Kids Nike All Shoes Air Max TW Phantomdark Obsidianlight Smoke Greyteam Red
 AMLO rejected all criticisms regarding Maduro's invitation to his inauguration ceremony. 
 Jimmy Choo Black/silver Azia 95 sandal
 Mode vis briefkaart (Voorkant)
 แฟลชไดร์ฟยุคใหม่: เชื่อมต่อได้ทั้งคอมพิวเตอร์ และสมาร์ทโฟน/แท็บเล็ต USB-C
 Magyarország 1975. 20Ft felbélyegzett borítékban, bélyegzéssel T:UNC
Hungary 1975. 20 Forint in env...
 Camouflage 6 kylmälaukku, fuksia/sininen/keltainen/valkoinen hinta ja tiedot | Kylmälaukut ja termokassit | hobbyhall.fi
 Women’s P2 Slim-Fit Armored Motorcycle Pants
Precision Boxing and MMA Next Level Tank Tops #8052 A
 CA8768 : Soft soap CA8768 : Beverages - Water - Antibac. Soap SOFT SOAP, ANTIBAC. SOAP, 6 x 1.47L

-------------------------

» **TASK DETAILS**
Copy the material above back out, exactly as written.

» **RESULT FOR THIS EXERCISE**
Kids Nike All Shoes Air Max TW Phantomdark Obsidianlight Smoke Greyteam Red
 AMLO rejected all criticisms regarding Maduro's invitation to his inauguration ceremony. 
 Jimmy Choo Black/silver Azia 95 sandal
 Mode vis briefkaart (Voorkant)
 แฟลชไดร์ฟยุคใหม่: เชื่อมต่อได้ทั้งคอมพิวเตอร์ และสมาร์ทโฟน/แท็บเล็ต USB-C
 Magyarország 1975. 20Ft felbélyegzett borítékban, bélyegzéssel T:UNC
Hungary 1975. 20 Forint in env...
 Camouflage 6 kylmälaukku, fuksia/sininen/keltainen/valkoinen hinta ja tiedot | Kylmälaukut ja termokassit | hobbyhall.fi
 Women’s P2 Slim-Fit Armored Motorcycle Pants
Precision Boxing and MMA Next Level Tank Tops #8052 A
 CA8768 : Soft soap CA8768 : Beverages - Water - Antibac. Soap SOFT SOAP, ANTIBAC. SOAP, 6 x 1.47L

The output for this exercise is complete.